That is, two ferromagnetic layers within the magnetization fixed
section are antiferromagnetically coupled by controlling materials,
thickness and of the non-magnetic layer within the magnetization
fixed section.
[0410] Here, like the second application, an antiferromagnetically
coupled film made of CoFe/Ru/CoFe is used as the magnetization
fixed section. Further, PtMn is arranged between the
antiferromagnetically coupled film and the first electrode, and the
magnetization direction is fixed firmly due to exchange bias. In
addition, assume that the magnetization free section is made of
NiFe, and has a size to become heat fluctuation state at room
temperature.
[0411] As shown in a waveform diagram of FIG. 43, when the input
signals V1, V2 are "00" in such a switching element, the
magnetization free sections of two switch units are in the heat
fluctuation state, so that the state is established in which no
magnetic field is generated from the magnetic field generation
section 11.
[0412] For this reason, the two switch units are in the OFF state,
so that the input signal Iout becomes "0".

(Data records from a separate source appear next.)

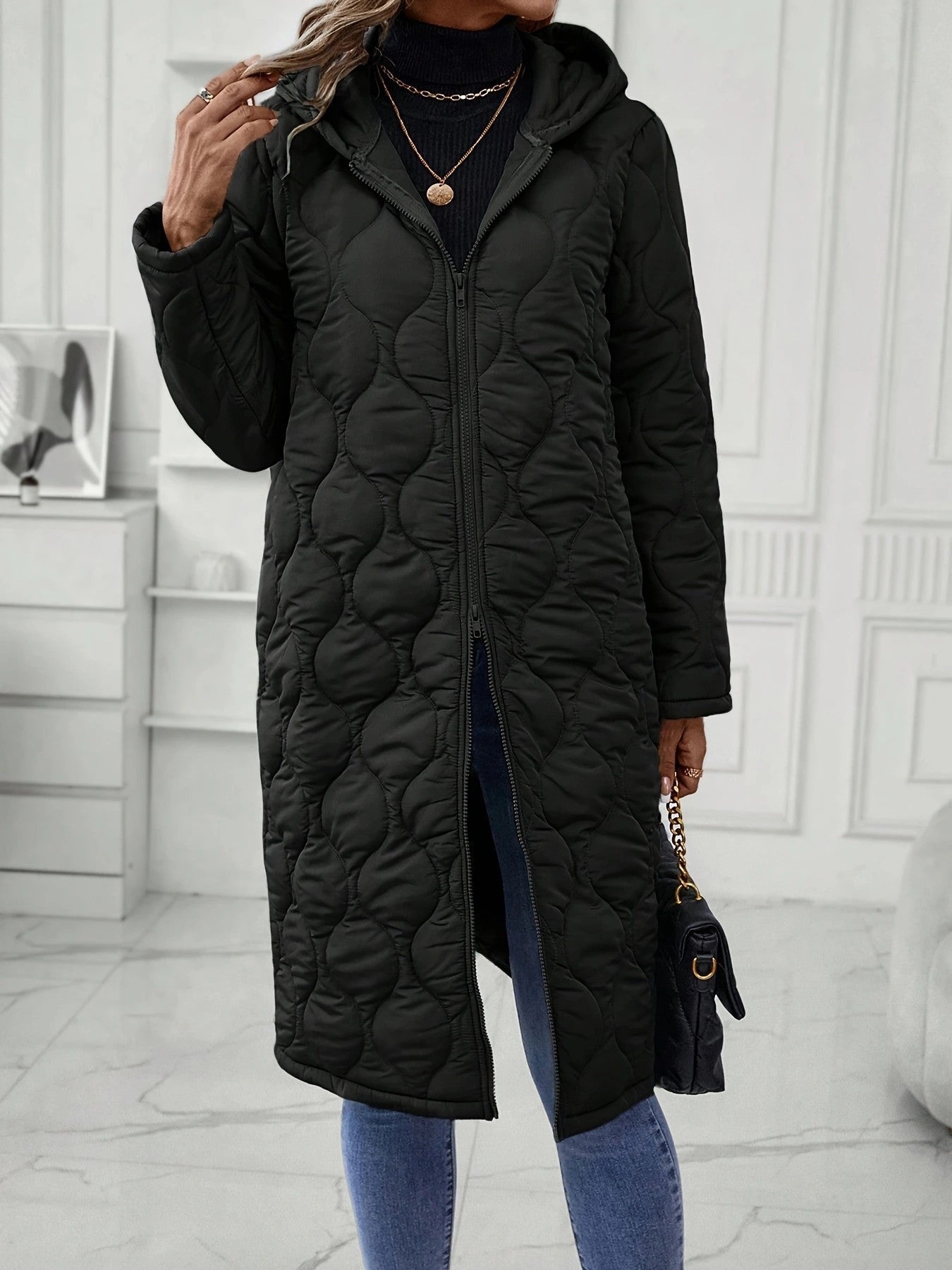 Damen Kapuzenjacke Norvielle Elegante Steppung Langer Ärmel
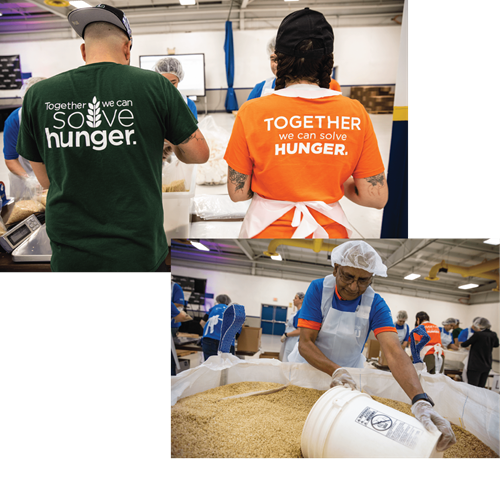 Two images with one image showing the back of t-shirts that read together we can solve hunger and the other image showing a man scooping rice
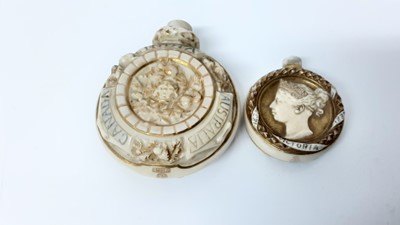 Lot 1321 - Two Victorian Royal Worcester blush ivory scent bottles commemorating Queen Victoria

[0413] In addition, when the input signals V1, V2 are "01", "10"
and "11", the magnetization direction of the magnetization free
section within at least one of two switch units is determined. As a
consequence, the at least one switch unit is in the ON state, so
that the output signal Iout becomes "1".
[0414] Thus, according to the example of the invention, it is
possible to constitute the OR gate circuit by using two switch
units.
[0415] (4) The Others
[0416] In the case of realizing an information processing device by
using the magnetic switching element according to the example of
the invention, two methods are available as the method in which
plural switch units are related to each other.
[0417] One is a method in which an output signal of the front-stage
switch unit is used as a control signal of the rear-stage switch
unit.
[0418] For example, in the information processing device shown in
FIG. 44, the CASE A is used as the switching principle of the
front-stage switch unit, while the CASE A and the CASE B are used
as the switching principle of the rear-stage switch unit, whereby
it is possible to realize a multiplexer (selection circuit) which
outputs output signals V2, V3 selectively based on the value of the
control signal V1.
[0419] Further, in the information processing device shown in FIG.

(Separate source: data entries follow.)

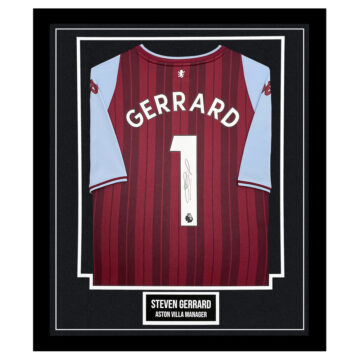 Signed Steven Gerrard Framed Shirt - Aston Villa Manager Icon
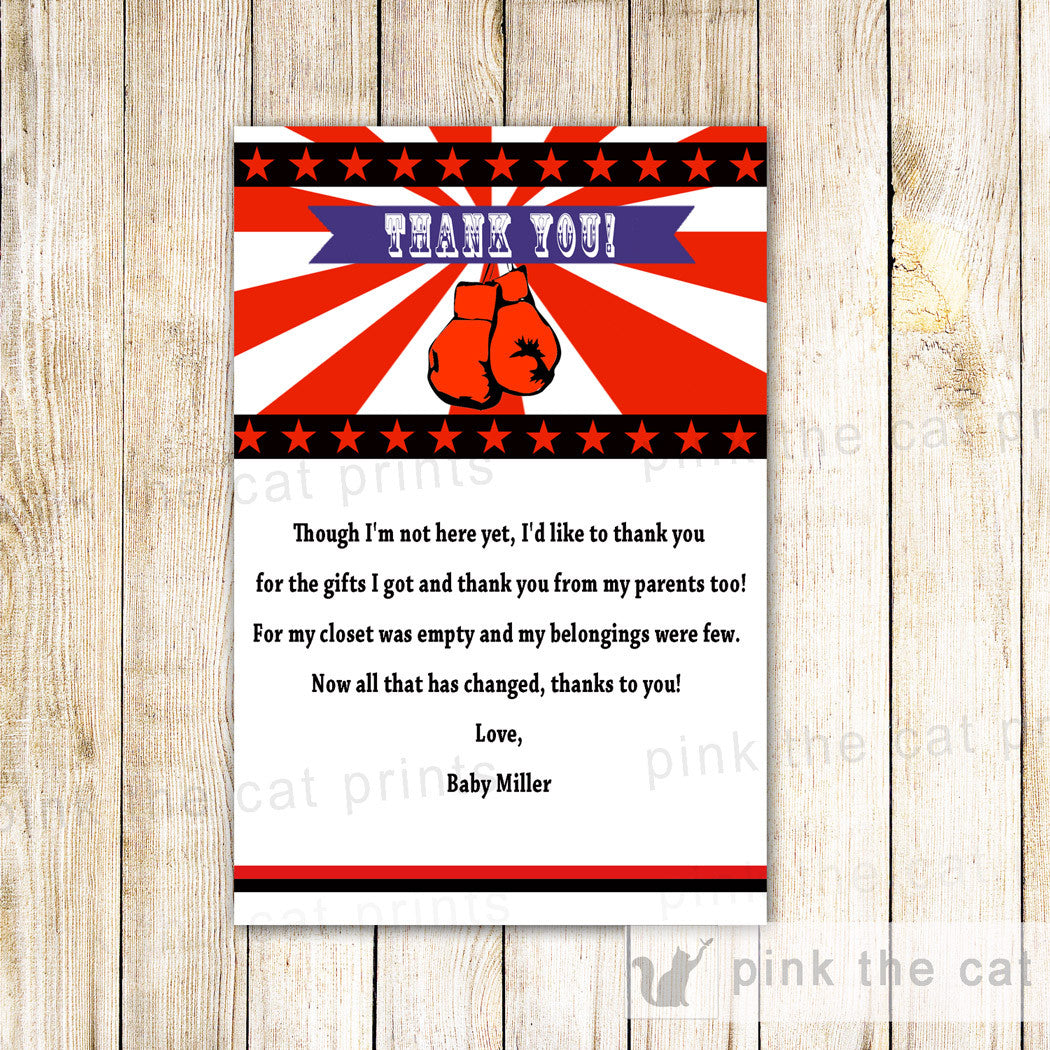 boxing thank you card red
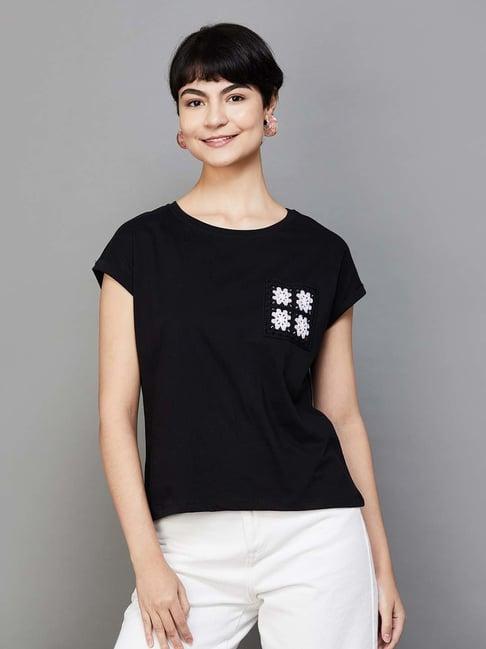 fame forever by lifestyle black cotton embroidered top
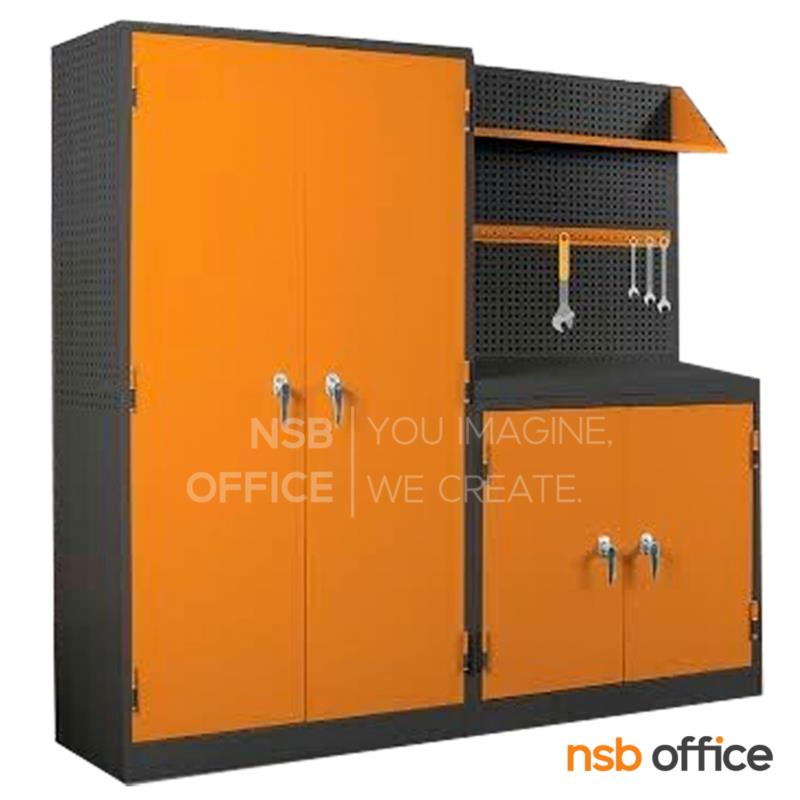 E09A021:ชุดตู้เก็บเครื่องมือช่าง 183.5W*49.7D*183H cm.พร้อมแผ่นท็อปแผ่นชั้นและอุปกรณ์เสริม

45, it is possible to realize a delay circuit composed of three
stages of a buffer in such a manner that the CASE A or the CASE D
is used as the switching principle of each switching unit, and
these are caused to function as the buffer.

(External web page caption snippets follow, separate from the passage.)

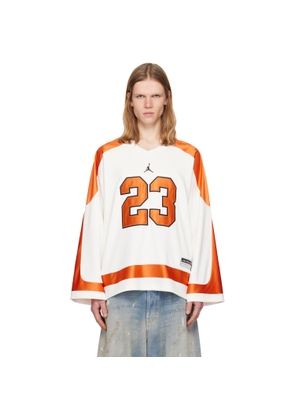 Nike Jordan Orange & Off-White Brooklyn Collegiate Hockey Jersey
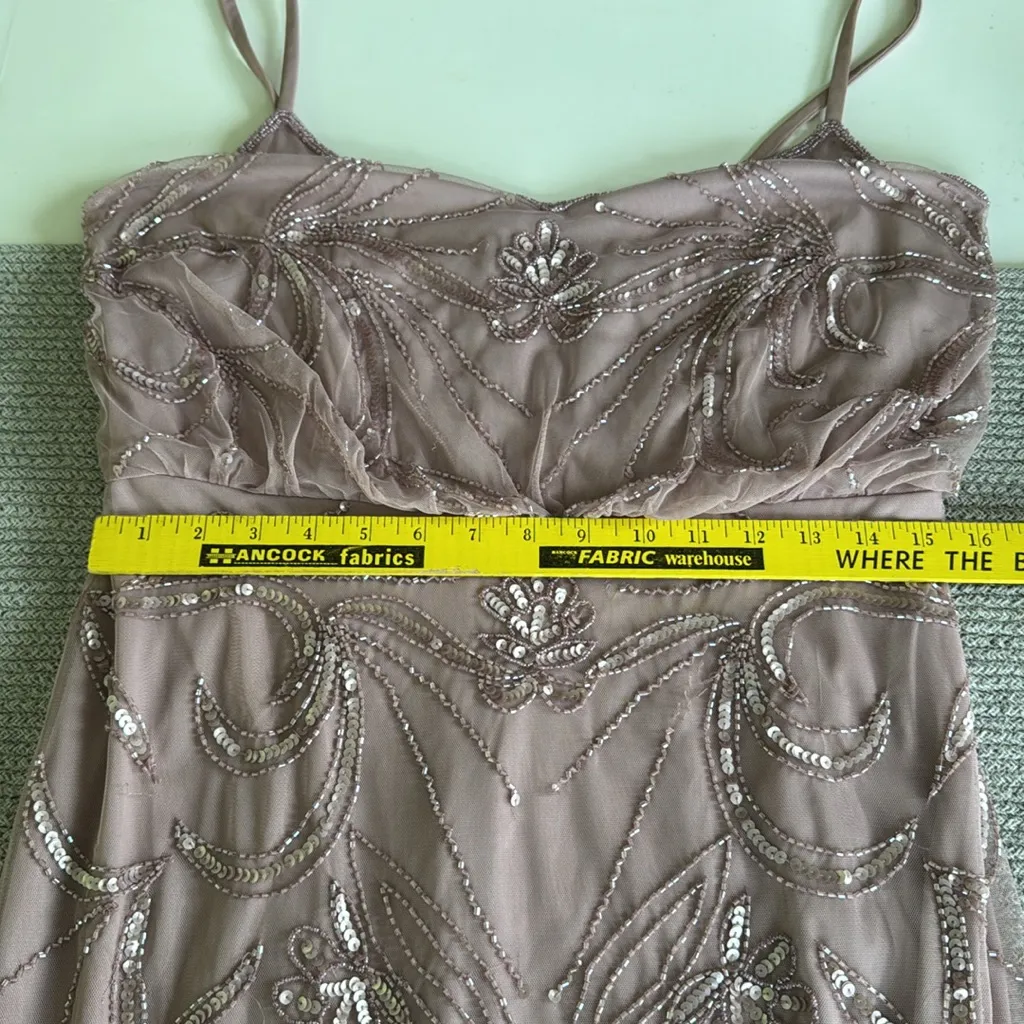 Adrianna Papell Dusted Petal Beaded Blouson Spaghetti Strap Gown Dress 10 Petite - Image 10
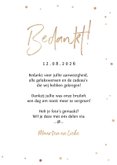 Bedankkaart huwelijk stijlvol goudlook confetti fotocollage 3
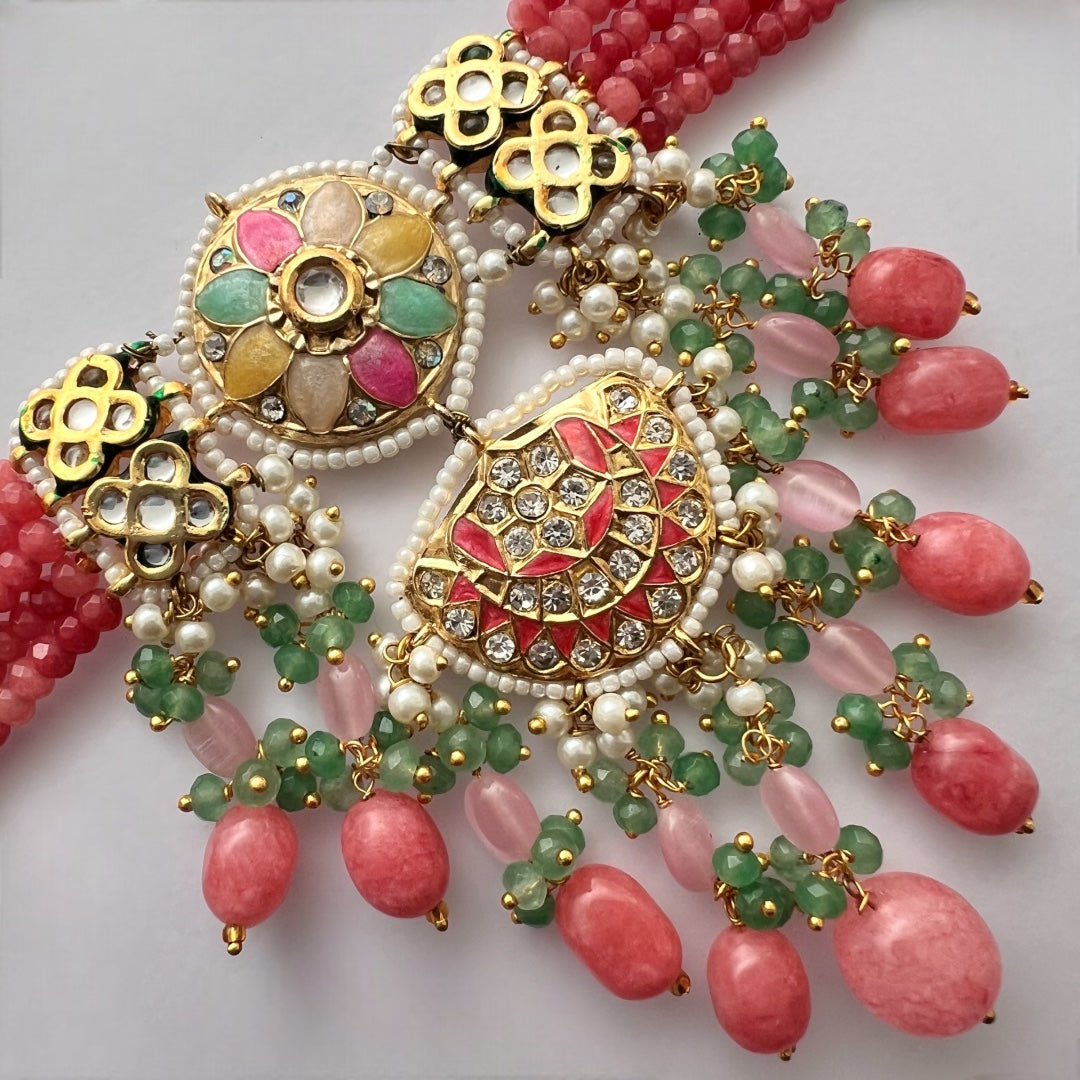 REETHANA BIJOUX PREMIUM HANDMADE CHOKER WITH EARRINGS AND TIKKA CH395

[0420] The other is a method in which terminals A or terminals B
are connected with each other, or the terminal A is connected to
the terminal B with respect to the plural switch units.
[0421] According to this method, it is possible to realize the
logic circuit such as the AND gate circuit or the OR gate circuit
as shown in the second and third applications.
[0422] 7. Application Example
[0423] There will be described an application example.
[0424] Because of characteristic of capable of being formed on the
silicon substrate, the magnetic switching element according to the
example of the invention can be applied to a semiconductor
integrated circuit such as a semiconductor memory, a logic LSI or a
memory mixed logic LSI.
[0425] Further, the example of the invention can be also applied to
discrete products in which only one function (for example, an
inverter, a multiplexer or the like) is formed in one chip.
[0426] Hereinafter, there will be described a case where the
example of the invention is applied to a semiconductor memory.
[0427] FIG. 46 shows a semiconductor memory in which a memory cell
array is laminated.
[0428] As elements composing the semiconductor memory, there are
roughly a memory cell array and a peripheral circuit. In the
two-dimensional layout in which the memory cell array and the
peripheral circuit are arranged flatly on a chip 28, limits already
take place in realization of high density of elements due to micro
miniaturization.
[0429] Accordingly, realization of 3D of the semiconductor memory
is investigated. However, although the laminated structure in
connection with the memory cell array is realized relatively easy,
realization of 3D is very difficult with respect to the peripheral
circuit serving as the logic circuit. This is caused by the fact
that laminating the MOS transistor as the switch is difficult.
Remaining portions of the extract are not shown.